Model | AIME 2024 | AIME 2024 | MATH-500 | GPQA Diamond | LiveCodeBench | CodeForces |
---|---|---|---|---|---|---|
GPT-4o | 9.3 | 13.4 | 74.6 | 49.9 | 32.9 | 759 |
Claude-3.5 | 16.0 | 26.7 | 78.3 | 65.0 | 38.9 | 717 |
o1-mini | 63.6 | 80.0 | 90.0 | 60.0 | 53.8 | 1820 |
QwQ-32B | 44.0 | 60.0 | 90.6 | 54.5 | 41.9 | 1316 |
DeepSeek-R1–1.5B | 28.9 | 52.7 | 83.9 | 33.8 | 16.9 | 954 |
DeepSeek-R1–7B | 55.5 | 83.3 | 92.8 | 49.1 | 37.6 | 1189 |
DeepSeek-R1–14B | 69.7 | 80.0 | 93.9 | 59.1 | 53.1 | 1481 |
DeepSeek-R1–32B | 72.6 | 83.3 | 94.3 | 62.1 | 57.2 | 1691 |
DeepSeek-R1–8B | 50.4 | 80.0 | 89.1 | 49.0 | 39.6 | 1205 |
DeepSeek-R1–70B | 70.0 | 86.7 | 94.5 | 65.2 | 57.5 | 1633 |
Installation Steps
- Download and install the ollama software from the official website (Official Download Link). After installation, a small llama icon will appear in the bottom right corner of the desktop.
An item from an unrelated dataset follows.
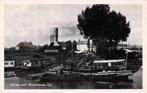 Tiel - Haven met watertoren (gel. rond 1950), Ophalen of Verzenden, 1940 tot 1960, Gelopen, Gelderland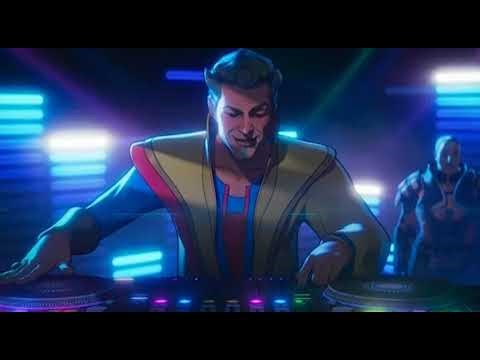 (AMV) In Time and Space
- Press Windows+R to bring up the Run window, enter
cmd
to open the command line tool.
- Enter
ollama run deepseek-r1:1.5b
to run the command, which will automatically download the DeepSeek 1.5b version (modify the number for other versions). It will be ready to use immediately after downloading.
Some Test Results
I have only tested it on two of my weak laptops. One has no dedicated GPU, and the other does. Here, I’ll mainly talk about the one without a dedicated GPU.
- The laptop CPU decoding DeepSeek 1.5b achieves about 22 tokens/s, which is quite fast.
- The laptop CPU decoding DeepSeek 7b achieves about 7 tokens/s, which is acceptable.
- Testing with specified CPU core counts. Since my CPU is 4 cores and 8 threads, I tested the impact of modifying the CPU core count on decoding DeepSeek 7b. The results showed that the default settings were the best. Perhaps it’s because my CPU is too weak.
Method to specify CPU core count: /set parameter num_thread 8
(Here, threads refer to physical cores, not CPU threads). If using Docker, simply modify the maximum available CPU count for the project. For example, limiting a 4-core server to a maximum of 3.5 cores will prevent the CPU from being fully loaded at 100%.
Conclusion
The local version of DeepSeek is just a supplement. Unless you have a very powerful server capable of directly installing the 671b version, third-party APIs online are still more useful. I estimate that the 671b version would require at least 384GB of memory to run without a GPU. Similarly, to handle that much memory, you would probably need a CPU with at least 32 threads. But I haven’t played with such high-end hardware, so I can only envy it.
Finally, one advantage of this local version is that it is significantly less sensitive than the online version, especially the web version on the DeepSeek official website. Many political terms can be used normally in the local version, but are rejected on the official web version.